Bottom line is don’t buy just to buy, do the math and have a plan for the miles or points that you buy. The more specific and immediate the plan the better. I have bought US Airways miles before, and probably will buy miles again if and only if doing so will clearly benefit me based on the criteria above. For example, if you have the US Airways card, it cost 55,000 miles to fly off-peak to Europe in an Envoy Suite. To purchase 56,000 miles via the current 100% bonus promo (can’t purchase 55K exactly), it would cost $1,053.50 all-in. That is a big chunk of change, but it is also a pretty decent deal to fly round trip in a lie-flat Envoy Suite to Europe and back considering economy tickets to some destinations aren’t always that much less than that amount.

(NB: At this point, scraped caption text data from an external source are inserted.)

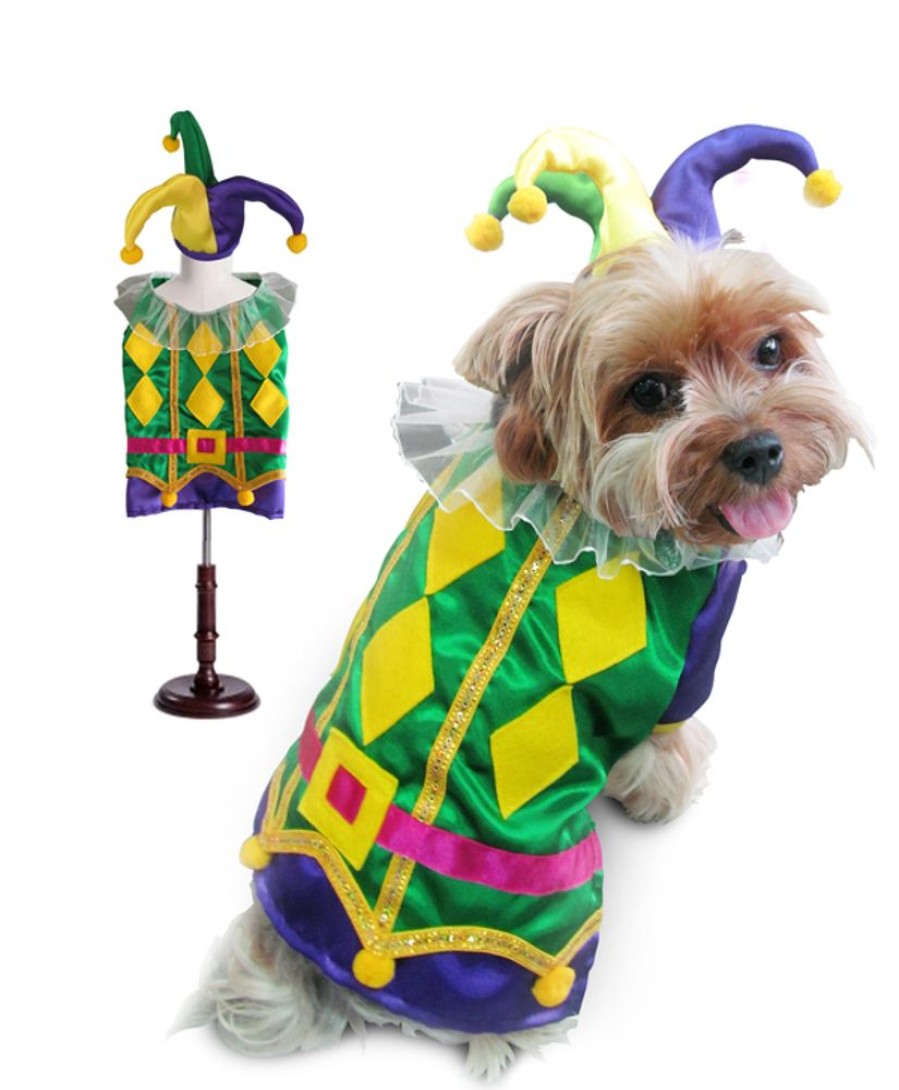 Pet Apparel (Continued) Puppe Love / PamPet USA | Harlequin Mardi Gras Costume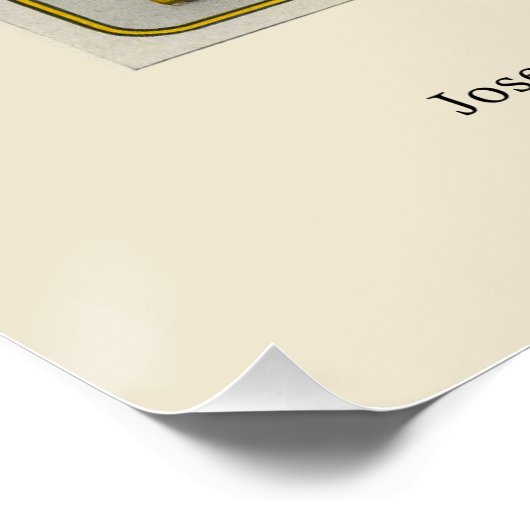 Pencil Box Packaging Glanzend Poster (Hoek)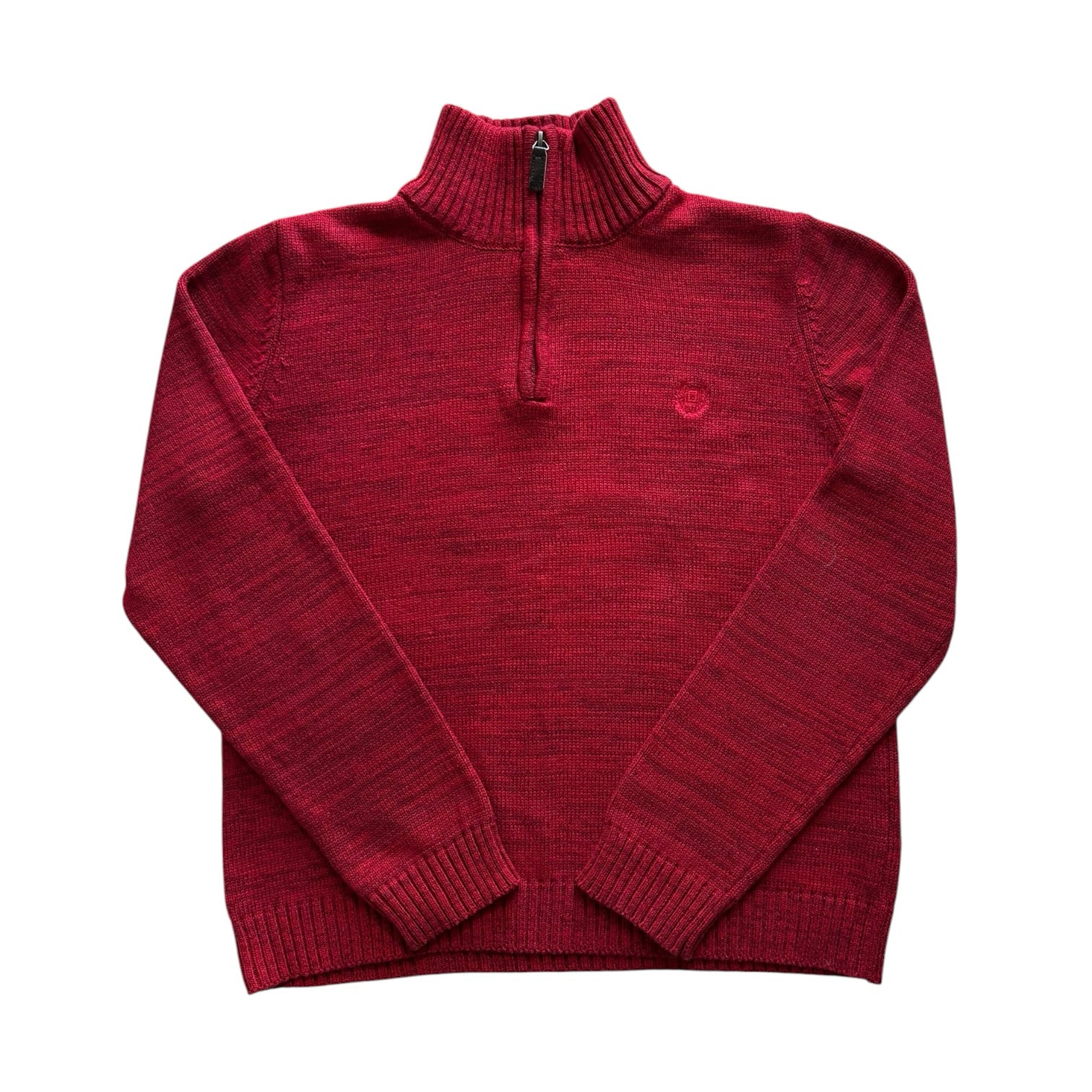 Aged 14-16 Chaps Red 1/4 Zip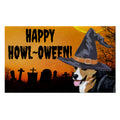 Pembroke Welsh Corgi  HAPPY HOWL-OWEEN Welcome Mat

…of course that is dependent on availability, the award chart not changing, etc. However, if the stars align correctly, it is a pretty solid deal for what I hear is a good product. One week until I find out for myself! So, there is no one-size-fits-all answer on whether or not it is a good deal to buy miles and points, just use your head. With that said, here are some of the current limited time offers:
- Purchase 1,000 to 9,000 points and get a 10% bonus
- Purchase 10,000 to 29,000 points and get a 20% bonus
- Purchase 30,000 to 40,000 points and get a 30% bonus
- With the 30% bonus, points cost approximately 1.85 cents each
- Valid through February 6, 2013
- Get 100% bonus on purchased miles (though this is targeted to some degree)

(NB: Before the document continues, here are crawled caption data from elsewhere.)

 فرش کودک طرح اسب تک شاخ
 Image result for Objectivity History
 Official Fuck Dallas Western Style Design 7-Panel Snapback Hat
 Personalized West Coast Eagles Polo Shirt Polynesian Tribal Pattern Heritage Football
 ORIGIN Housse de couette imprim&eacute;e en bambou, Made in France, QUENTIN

- There are some service fees/taxes, and the max number purchased is 50,000 with a 50,000 bonus
- Miles as low as 1.88 cents each all-in
- Valid through February 28, 2013
- Up to a 50% bonus on purchased miles
- If you purchase exactly 40K, 50K, or 60K miles then you get a 50% bonus on miles purchased – other amounts purchased result in a smaller bonus percentage awarded.
- Miles as low as approximately 2 cents each all-in
- Valid through February 28, 2013
For many of us getting 50,000 points or more via signing up for a credit card makes more financial sense than buying a ton of miles, but like I have said, it can make sense to purchase some miles for time to time. Do you ever like to buy points? What is the threshold at which you pull the trigger?